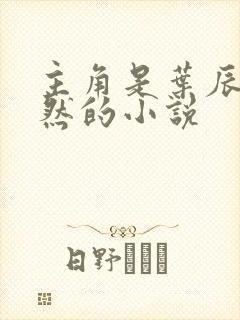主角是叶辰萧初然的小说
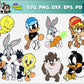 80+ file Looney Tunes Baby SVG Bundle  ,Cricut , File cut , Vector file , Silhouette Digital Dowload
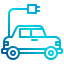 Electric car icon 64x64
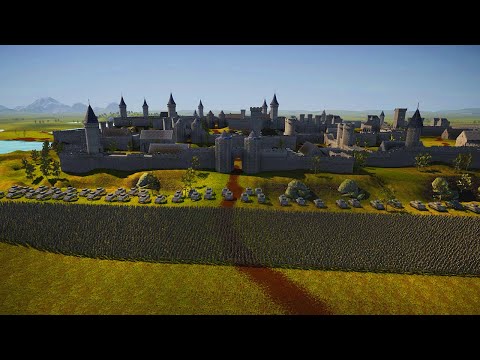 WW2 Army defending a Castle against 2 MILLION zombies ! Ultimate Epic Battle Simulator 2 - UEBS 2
=====
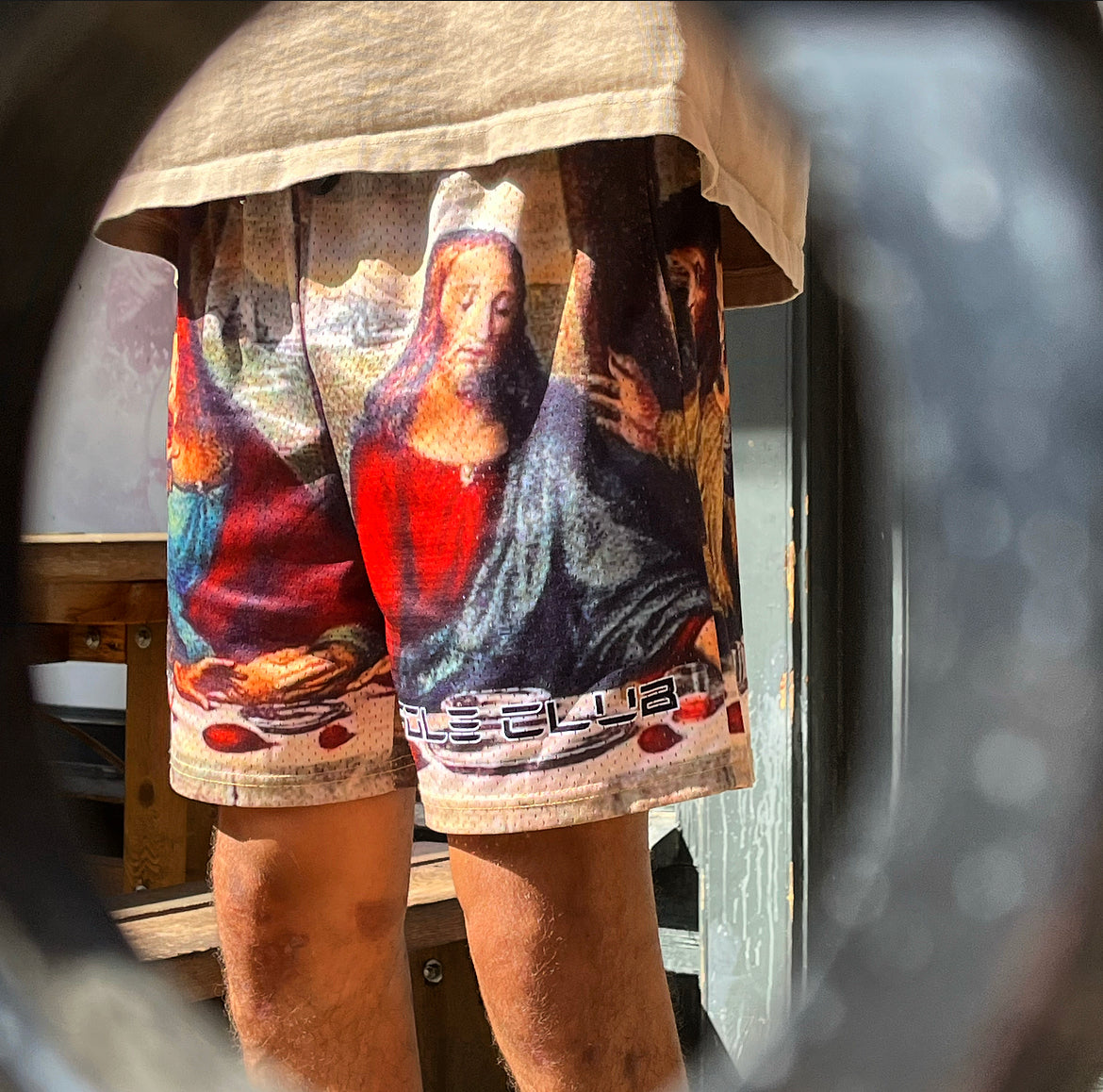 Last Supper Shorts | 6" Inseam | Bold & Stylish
=====
▶ The task
Exact repeat of the material above: every line from the one with "Electric car icon 64x64" through the one with "WW2 Army defending", endpoints included, and nothing more. No pictures.

▶ Answer to this exercise
 Electric car icon 64x64
 WW2 Army defending a Castle against 2 MILLION zombies ! Ultimate Epic Battle Simulator 2 - UEBS 2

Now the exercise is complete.